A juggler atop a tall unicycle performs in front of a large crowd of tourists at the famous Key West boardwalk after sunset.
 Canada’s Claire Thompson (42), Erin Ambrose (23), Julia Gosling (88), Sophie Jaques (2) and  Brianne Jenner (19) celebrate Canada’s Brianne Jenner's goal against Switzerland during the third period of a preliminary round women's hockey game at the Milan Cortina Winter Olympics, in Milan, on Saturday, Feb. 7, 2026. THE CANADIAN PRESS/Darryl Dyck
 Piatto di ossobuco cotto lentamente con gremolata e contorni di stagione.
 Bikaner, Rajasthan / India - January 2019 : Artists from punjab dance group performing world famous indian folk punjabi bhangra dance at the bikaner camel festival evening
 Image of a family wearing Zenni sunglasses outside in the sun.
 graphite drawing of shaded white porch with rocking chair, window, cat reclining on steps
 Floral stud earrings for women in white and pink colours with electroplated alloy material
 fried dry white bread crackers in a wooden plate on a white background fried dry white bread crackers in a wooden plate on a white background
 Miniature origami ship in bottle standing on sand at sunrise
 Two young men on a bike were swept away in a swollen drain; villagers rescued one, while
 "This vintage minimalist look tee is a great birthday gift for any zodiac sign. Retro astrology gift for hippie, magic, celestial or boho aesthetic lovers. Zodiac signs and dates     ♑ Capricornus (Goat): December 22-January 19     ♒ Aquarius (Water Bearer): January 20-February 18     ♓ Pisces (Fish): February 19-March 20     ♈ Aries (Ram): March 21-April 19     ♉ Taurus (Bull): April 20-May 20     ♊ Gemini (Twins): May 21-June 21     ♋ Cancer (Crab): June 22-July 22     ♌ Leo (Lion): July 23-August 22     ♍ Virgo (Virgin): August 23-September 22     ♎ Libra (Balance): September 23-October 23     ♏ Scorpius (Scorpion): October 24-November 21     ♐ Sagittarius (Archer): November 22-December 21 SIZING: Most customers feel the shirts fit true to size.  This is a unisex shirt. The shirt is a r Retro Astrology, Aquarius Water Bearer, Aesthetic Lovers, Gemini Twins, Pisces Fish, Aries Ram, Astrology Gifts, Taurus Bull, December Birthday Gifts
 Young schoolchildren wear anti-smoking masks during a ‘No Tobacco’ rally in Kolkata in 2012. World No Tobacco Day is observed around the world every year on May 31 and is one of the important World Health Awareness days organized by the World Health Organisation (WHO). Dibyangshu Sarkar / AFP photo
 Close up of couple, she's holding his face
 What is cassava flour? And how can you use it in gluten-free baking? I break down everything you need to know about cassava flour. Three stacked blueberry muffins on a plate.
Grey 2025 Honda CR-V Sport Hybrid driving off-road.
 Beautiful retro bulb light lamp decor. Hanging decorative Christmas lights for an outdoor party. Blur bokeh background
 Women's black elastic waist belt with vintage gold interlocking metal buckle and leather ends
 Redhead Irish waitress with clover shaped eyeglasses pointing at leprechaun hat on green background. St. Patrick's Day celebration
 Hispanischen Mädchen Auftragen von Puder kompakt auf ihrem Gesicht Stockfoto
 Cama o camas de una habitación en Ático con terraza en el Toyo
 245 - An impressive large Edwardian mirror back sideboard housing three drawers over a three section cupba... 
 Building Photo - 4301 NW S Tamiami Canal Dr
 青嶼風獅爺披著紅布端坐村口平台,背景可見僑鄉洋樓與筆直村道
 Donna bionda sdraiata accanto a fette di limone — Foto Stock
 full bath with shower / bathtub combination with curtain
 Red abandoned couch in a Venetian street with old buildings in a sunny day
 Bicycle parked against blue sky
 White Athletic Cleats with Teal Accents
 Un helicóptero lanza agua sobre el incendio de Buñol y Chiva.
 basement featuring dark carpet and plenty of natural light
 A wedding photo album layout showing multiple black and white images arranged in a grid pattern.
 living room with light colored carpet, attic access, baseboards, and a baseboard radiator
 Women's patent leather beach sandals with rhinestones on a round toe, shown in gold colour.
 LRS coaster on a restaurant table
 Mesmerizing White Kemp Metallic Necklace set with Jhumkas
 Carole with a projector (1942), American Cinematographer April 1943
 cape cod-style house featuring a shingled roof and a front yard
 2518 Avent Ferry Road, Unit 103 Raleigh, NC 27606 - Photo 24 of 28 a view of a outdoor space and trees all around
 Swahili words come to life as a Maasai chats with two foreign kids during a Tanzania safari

__Work order__. Nothing but an exact copy of the records belongs in the answer.

__Answer below__.
A juggler atop a tall unicycle performs in front of a large crowd of tourists at the famous Key West boardwalk after sunset.
 Canada’s Claire Thompson (42), Erin Ambrose (23), Julia Gosling (88), Sophie Jaques (2) and  Brianne Jenner (19) celebrate Canada’s Brianne Jenner's goal against Switzerland during the third period of a preliminary round women's hockey game at the Milan Cortina Winter Olympics, in Milan, on Saturday, Feb. 7, 2026. THE CANADIAN PRESS/Darryl Dyck
 Piatto di ossobuco cotto lentamente con gremolata e contorni di stagione.
 Bikaner, Rajasthan / India - January 2019 : Artists from punjab dance group performing world famous indian folk punjabi bhangra dance at the bikaner camel festival evening
 Image of a family wearing Zenni sunglasses outside in the sun.
 graphite drawing of shaded white porch with rocking chair, window, cat reclining on steps
 Floral stud earrings for women in white and pink colours with electroplated alloy material
 fried dry white bread crackers in a wooden plate on a white background fried dry white bread crackers in a wooden plate on a white background
 Miniature origami ship in bottle standing on sand at sunrise
 Two young men on a bike were swept away in a swollen drain; villagers rescued one, while
 "This vintage minimalist look tee is a great birthday gift for any zodiac sign. Retro astrology gift for hippie, magic, celestial or boho aesthetic lovers. Zodiac signs and dates     ♑ Capricornus (Goat): December 22-January 19     ♒ Aquarius (Water Bearer): January 20-February 18     ♓ Pisces (Fish): February 19-March 20     ♈ Aries (Ram): March 21-April 19     ♉ Taurus (Bull): April 20-May 20     ♊ Gemini (Twins): May 21-June 21     ♋ Cancer (Crab): June 22-July 22     ♌ Leo (Lion): July 23-August 22     ♍ Virgo (Virgin): August 23-September 22     ♎ Libra (Balance): September 23-October 23     ♏ Scorpius (Scorpion): October 24-November 21     ♐ Sagittarius (Archer): November 22-December 21 SIZING: Most customers feel the shirts fit true to size.  This is a unisex shirt. The shirt is a r Retro Astrology, Aquarius Water Bearer, Aesthetic Lovers, Gemini Twins, Pisces Fish, Aries Ram, Astrology Gifts, Taurus Bull, December Birthday Gifts
 Young schoolchildren wear anti-smoking masks during a ‘No Tobacco’ rally in Kolkata in 2012. World No Tobacco Day is observed around the world every year on May 31 and is one of the important World Health Awareness days organized by the World Health Organisation (WHO). Dibyangshu Sarkar / AFP photo
 Close up of couple, she's holding his face
 What is cassava flour? And how can you use it in gluten-free baking? I break down everything you need to know about cassava flour. Three stacked blueberry muffins on a plate.
Grey 2025 Honda CR-V Sport Hybrid driving off-road.
 Beautiful retro bulb light lamp decor. Hanging decorative Christmas lights for an outdoor party. Blur bokeh background
 Women's black elastic waist belt with vintage gold interlocking metal buckle and leather ends
 Redhead Irish waitress with clover shaped eyeglasses pointing at leprechaun hat on green background. St. Patrick's Day celebration
 Hispanischen Mädchen Auftragen von Puder kompakt auf ihrem Gesicht Stockfoto
 Cama o camas de una habitación en Ático con terraza en el Toyo
 245 - An impressive large Edwardian mirror back sideboard housing three drawers over a three section cupba... 
 Building Photo - 4301 NW S Tamiami Canal Dr
 青嶼風獅爺披著紅布端坐村口平台,背景可見僑鄉洋樓與筆直村道
 Donna bionda sdraiata accanto a fette di limone — Foto Stock
 full bath with shower / bathtub combination with curtain
 Red abandoned couch in a Venetian street with old buildings in a sunny day
 Bicycle parked against blue sky
 White Athletic Cleats with Teal Accents
 Un helicóptero lanza agua sobre el incendio de Buñol y Chiva.
 basement featuring dark carpet and plenty of natural light
 A wedding photo album layout showing multiple black and white images arranged in a grid pattern.
 living room with light colored carpet, attic access, baseboards, and a baseboard radiator
 Women's patent leather beach sandals with rhinestones on a round toe, shown in gold colour.
 LRS coaster on a restaurant table
 Mesmerizing White Kemp Metallic Necklace set with Jhumkas
 Carole with a projector (1942), American Cinematographer April 1943
 cape cod-style house featuring a shingled roof and a front yard
 2518 Avent Ferry Road, Unit 103 Raleigh, NC 27606 - Photo 24 of 28 a view of a outdoor space and trees all around
 Swahili words come to life as a Maasai chats with two foreign kids during a Tanzania safari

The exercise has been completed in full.